Exercise and Deep Abdominal Fat

Towards a Healthy Mind & Body

abdominal fat

The relationship between changes in the amount of exercise you take, the amount of fat in your body, as measured by weight and BMI, and common fat-related diseases is not simple. This is because of the importance of deep abdominal fat on internal organs to your health.

Most people are aware that being overweight is not good for you. Even if they aren’t aware of the health impacts they have a sense that they would look better if they could lose a bit of weight.

Of course you don’t want to take this too far and become obsessed with the type of body images that are both unattainable and, indeed, undesirable for the most of us.

So, there is a sense that what we see when we look in the mirror or step on the scales is giving us a signal that can lead to a healthier lifestyle. There is a lot of truth in this. Whether or not we respond to this signal is a different matter.

But there is also a trap here that goes beyond the dangers of becoming overly image conscious. It is this: excess fat is indeed unhealthy and is often symptomatic of underlying unhealthy life choices. But what we see is not necessarily a good indication of the dangers posed by fat in our bodies.

 

Abdominal Fat and Health

The problem is that we can see what we might think of as the ‘surface’ fat on our bodies. Exercise and diet changes will have beneficial effects in reducing this fat, even if the benefits of exercise are not always reflected in crude measures you might take using a scale or a tape.

But this surface fat is not the most dangerous type of fat in our bodies. The worst type of fat cannot be measured using a tape or body mass index. This is the internal, visceral fat that you cannot see or feel but that affects your heart and liver, as well as abdominal organs and the entire body.

abdominal fat

The good news is that you can do something about this abdominal fat. And the best way to tackle it is through exercise.

However, looking at your weight alone means that you won’t know if you are reducing fat everywhere in the body or just near the surface. If you rely on just measuring your weight or BMI you can end up underestimating the health benefits of losing weight.

 

Exercise and Abdominal Fat

There has been a tendency to see fat in the body as a sort of inert storage. The newer way is the view fat as an active organ of the body. This means that it is necessary to distinguish between the location of fat of in the body to understand the potential impact of different treatments and the needs to measure different fats through different means.

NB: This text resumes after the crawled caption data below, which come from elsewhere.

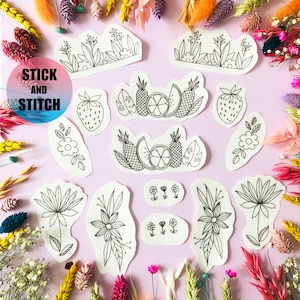 Tropical Stick and Stitch embroidery transfers, embroidery pattern, embroidery transfer, embroidery, embroidery patches, craft kit, gift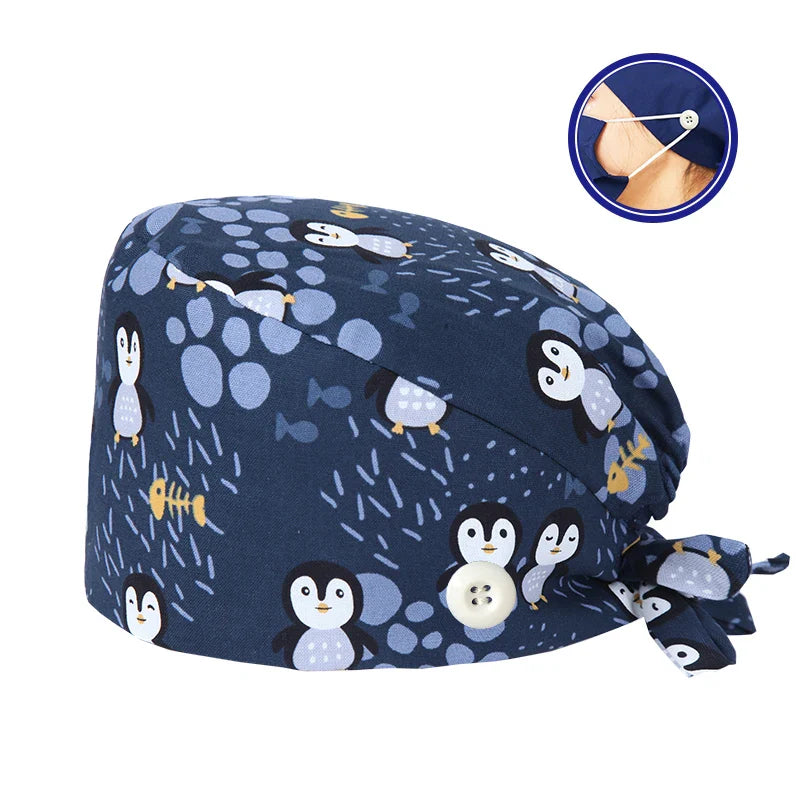 Cralom Cartoon Print Cotton Scrub Caps for Pet Grooming & Medical Professionals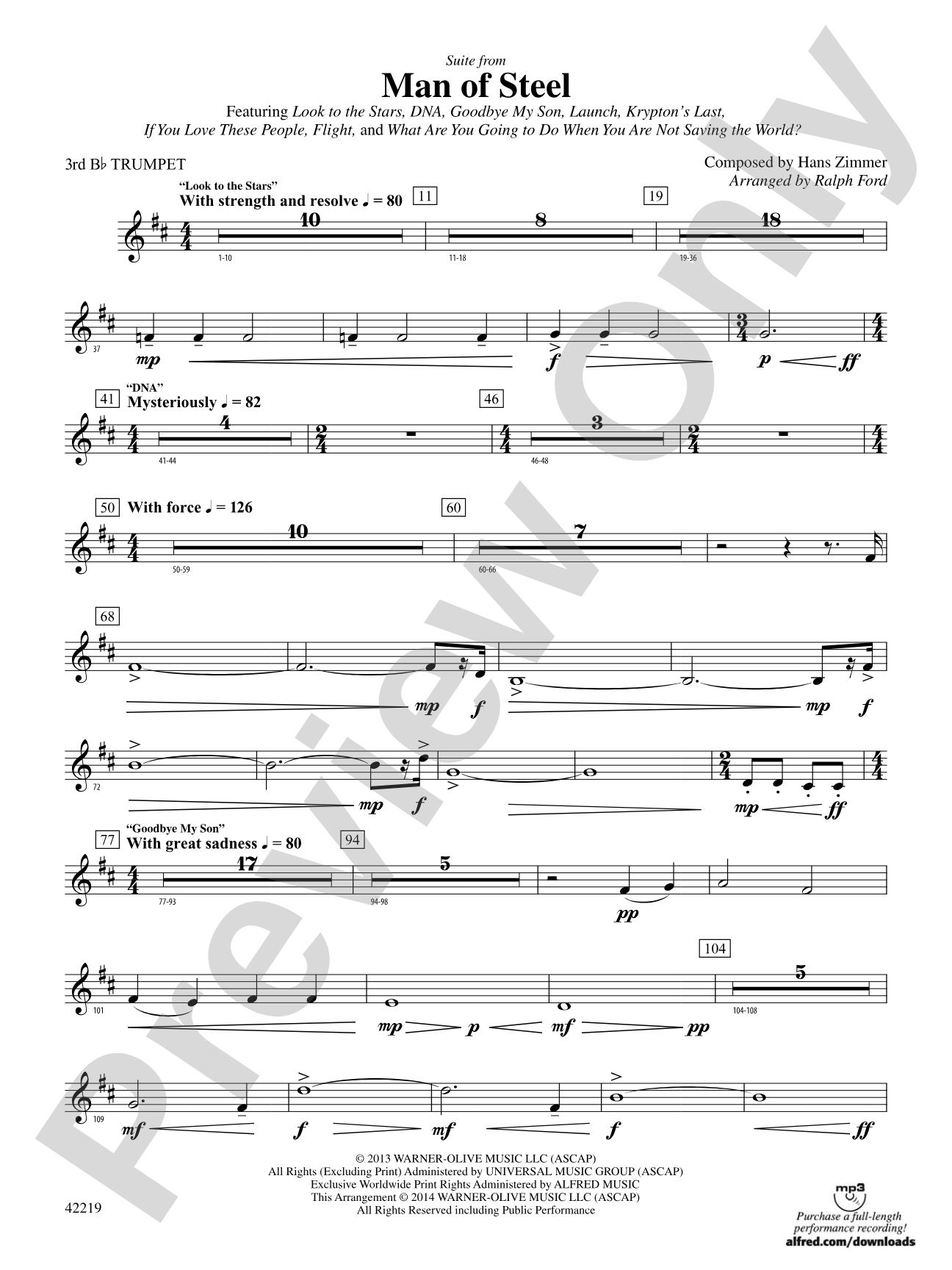 Man of Steel, Suite from: 3rd B-flat Trumpet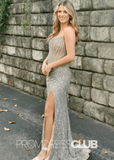 Winni |Champagne Color Prom Dress Long Mermaid Sequin Beaded Strapless with Slit - Champagne - PromDressClub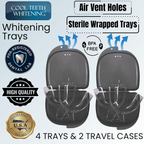 Moldable Teeth Whitening Trays - 4 Trays + 2 Black Cases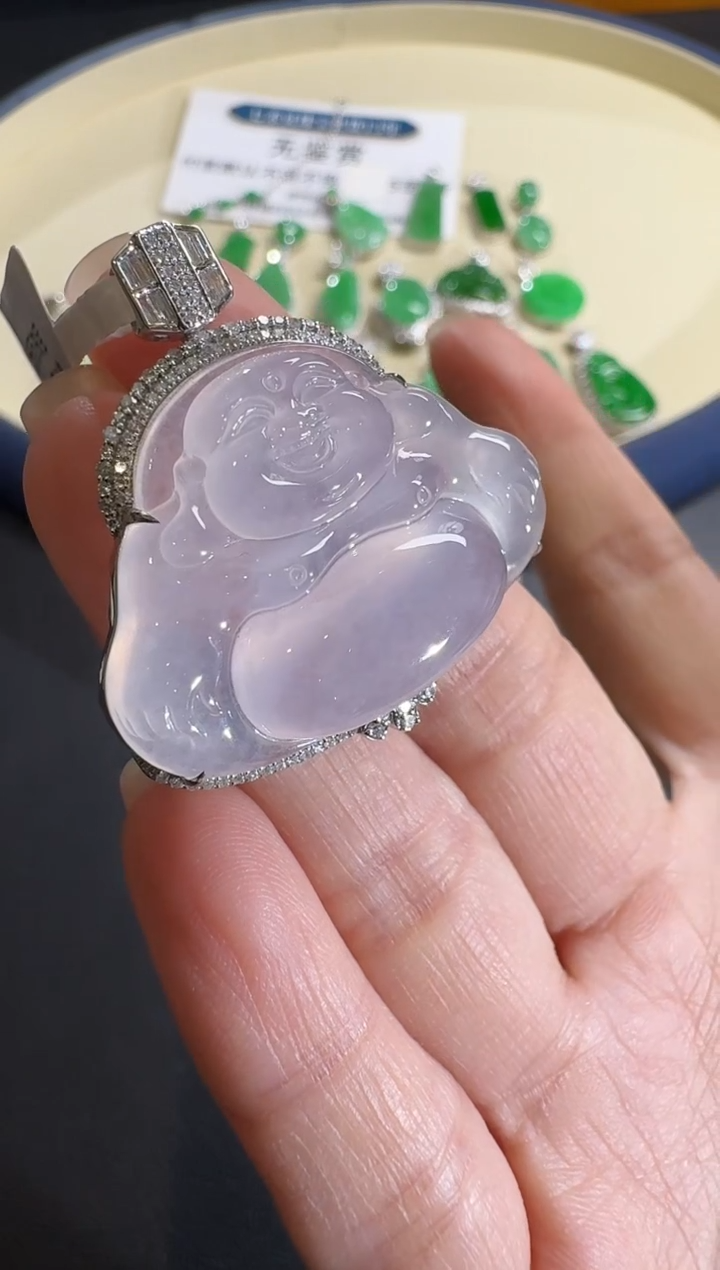 【闪购商品】翡翠吊坠(不含链)18K金镶嵌【源头工厂】钻石镶嵌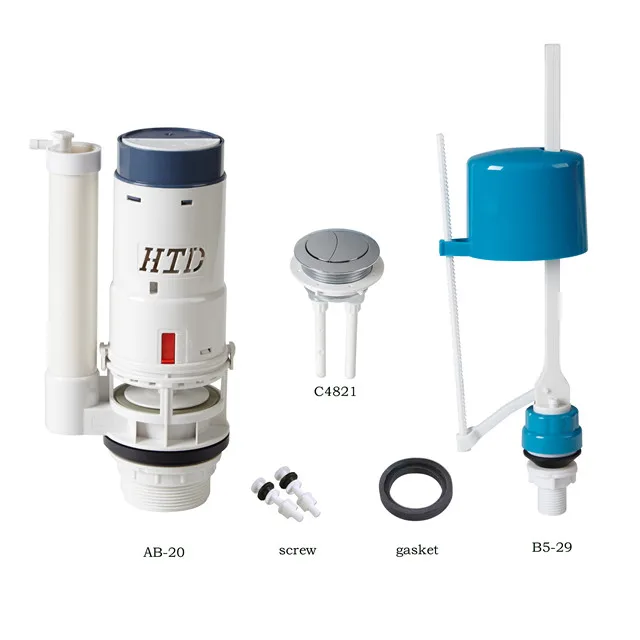 Htd Wc Tank Fittings Supplier Bottom Entry Cistern Parts With Dual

This distinction also helps to explain why some people who are obese get illnesses such as heart disease or diabetes while others don’t. It is not just the total amount of fat that matters but the amount of visceral abdominal fat.

An important scientific research study examined the relative impacts of standard medical treatment, involving pharmaceuticals, and exercise on abdominal fat deep in the belly. To get around the measurement problem the researchers use a CT or MRI to examine changes in visceral fat in participants over a 6-month period.

The results were clear: both exercise and medicine reduced the presence of visceral fat. However, the reductions were notably more significant per pound of body weight lost for those participants who relied on exercise. In the words of one of the researchers ‘exercise can actually melt visceral fat’.

This research supports the growing evidence that exercise will have health benefits, as a result of lowering the total amount of fat in your body, even though simple methods you may use to measure fat, such as weight, external body measurements and BMI, might suggest there has been no change.

Because of this, the knowledge that exercise greatly reduces the amount of fat does not conflict with the findings, as discussed at length in this article, that exercise alone is not a particularly good way to lose weight. 

It also explains why inter-personal comparisons based on weight or tape measurements are not a good indicator of the relative health risks facing people. Further it supports the idea that a combination of treatments, that should include exercise, can help lower dangerous body fat and reduce the potential threat of fat-related heart diseases and diabetes.